* Your instructions
Starting with the line that has "glänzt Schnitt, Design, Aktion: Eine" in the records below and stopping after the line that has "Apartament cu 2", output every line exactly and nothing else; skip pictures.

* The records

----------

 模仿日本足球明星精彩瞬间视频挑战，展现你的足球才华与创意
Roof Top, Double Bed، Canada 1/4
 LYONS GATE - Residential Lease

----------

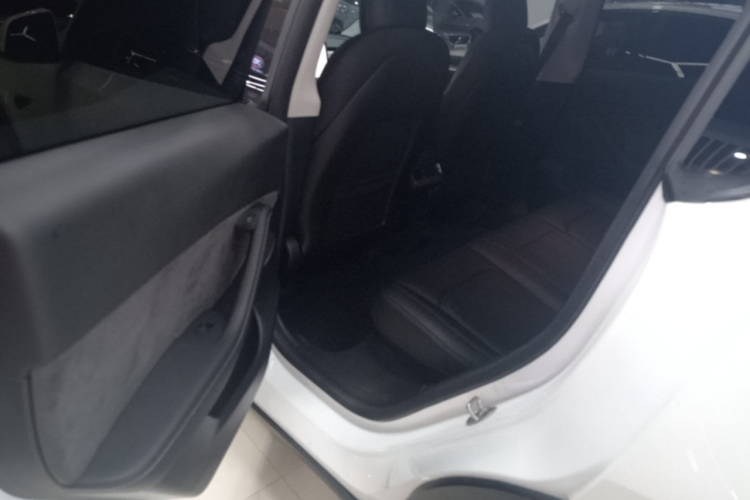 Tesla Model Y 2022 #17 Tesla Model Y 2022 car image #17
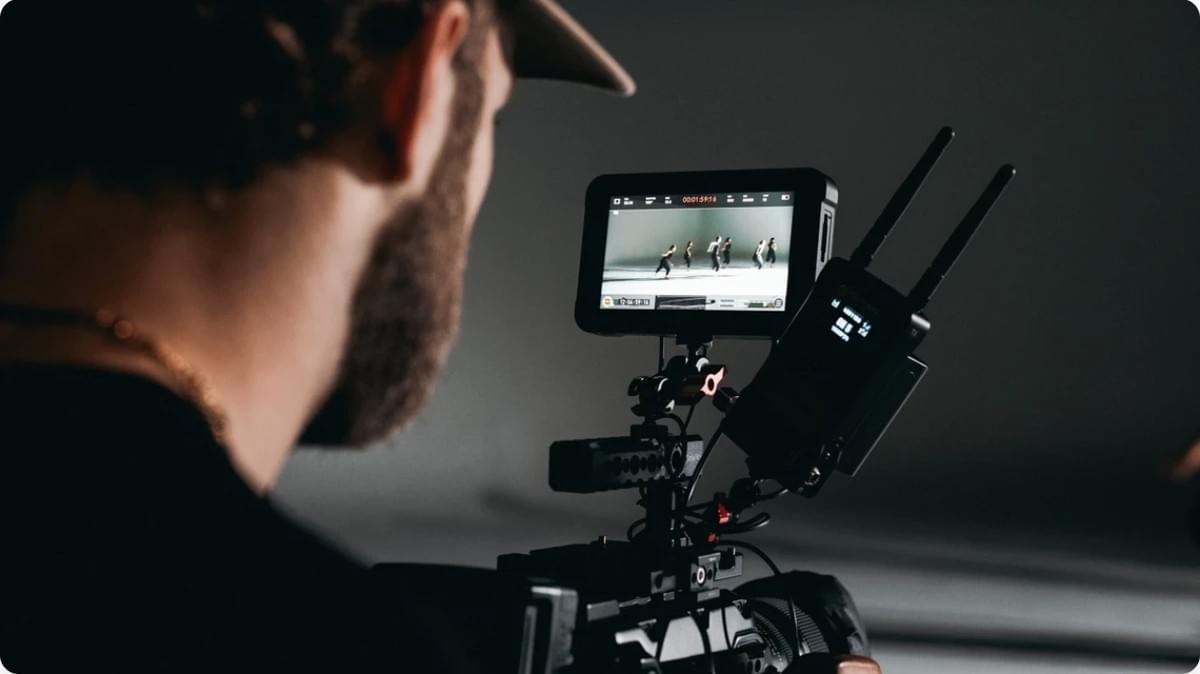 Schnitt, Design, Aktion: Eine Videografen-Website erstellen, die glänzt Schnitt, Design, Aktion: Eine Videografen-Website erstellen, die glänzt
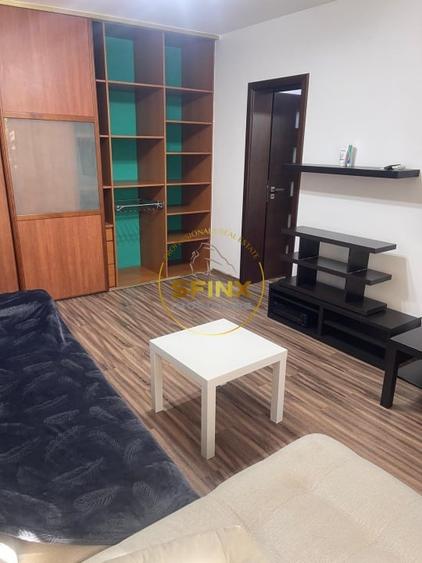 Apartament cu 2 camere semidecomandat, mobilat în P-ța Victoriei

----------

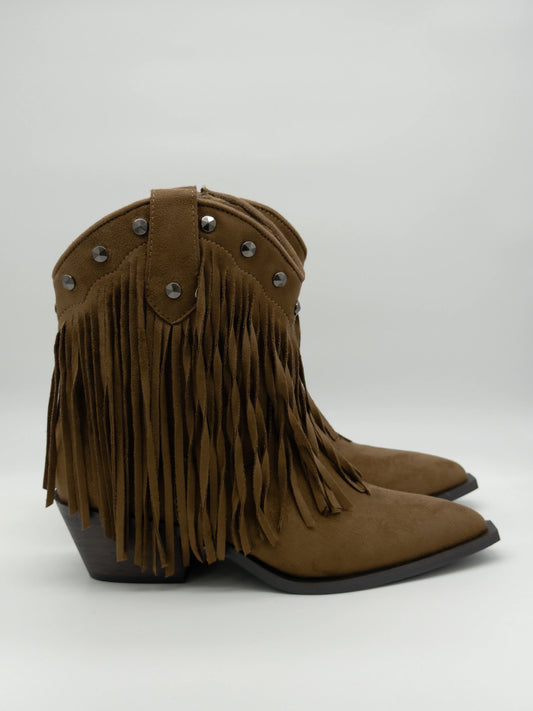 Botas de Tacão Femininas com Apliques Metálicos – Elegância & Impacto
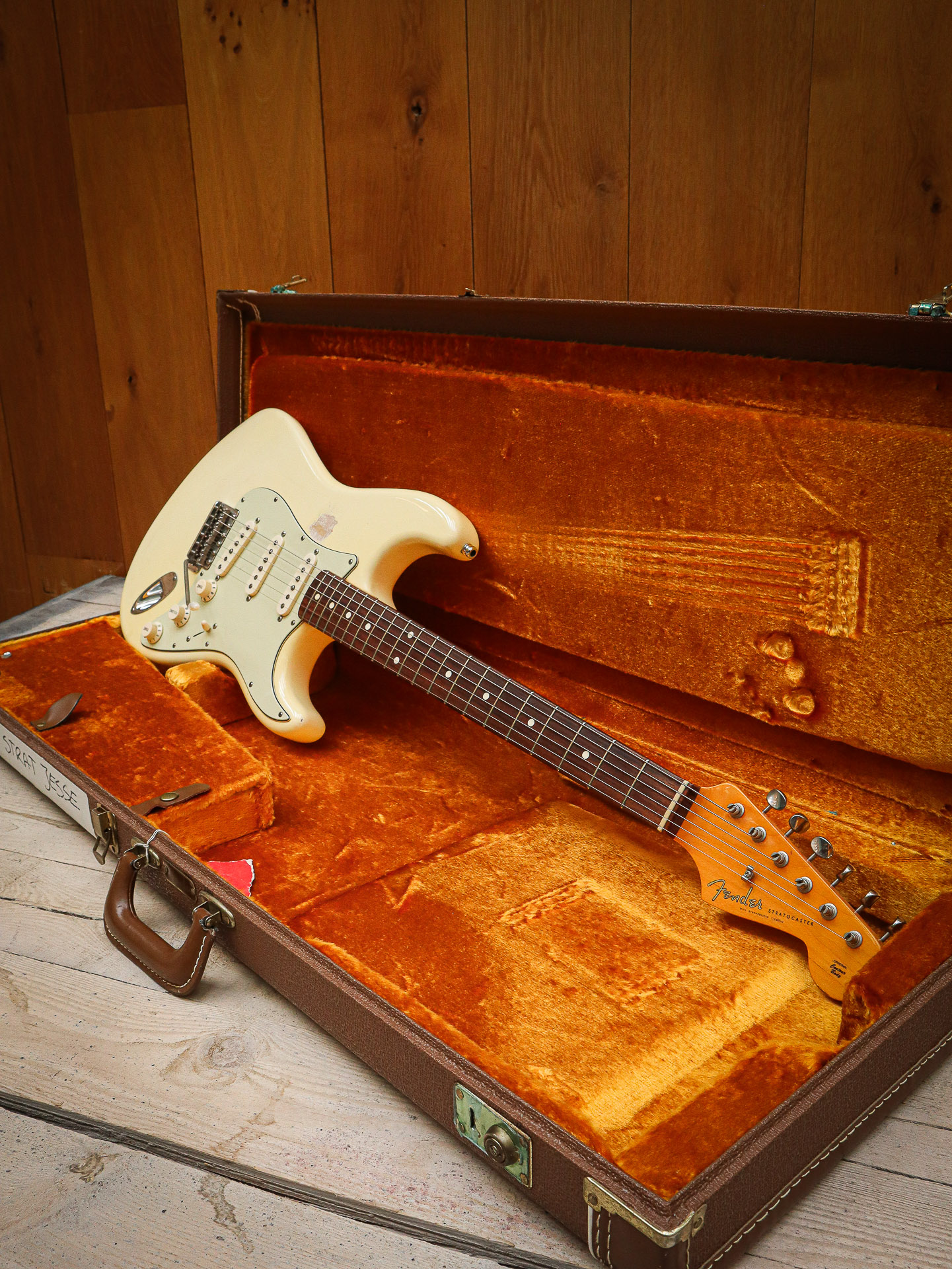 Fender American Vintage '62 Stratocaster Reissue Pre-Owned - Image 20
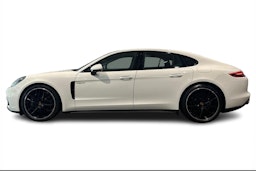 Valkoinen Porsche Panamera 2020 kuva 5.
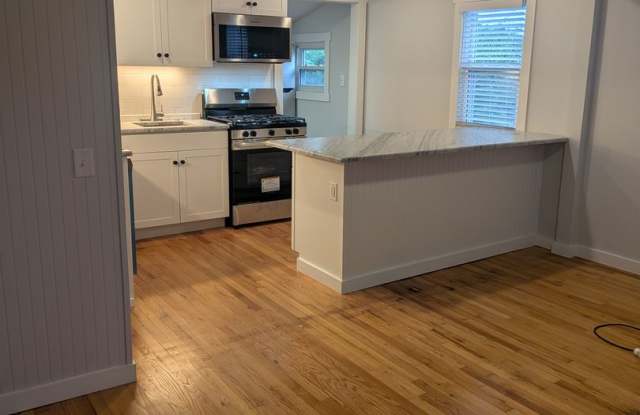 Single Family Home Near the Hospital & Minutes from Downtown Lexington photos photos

----------

* Written solution
 Schnitt, Design, Aktion: Eine Videografen-Website erstellen, die glänzt Schnitt, Design, Aktion: Eine Videografen-Website erstellen, die glänzt
 Apartament cu 2 camere semidecomandat, mobilat în P-ța Victoriei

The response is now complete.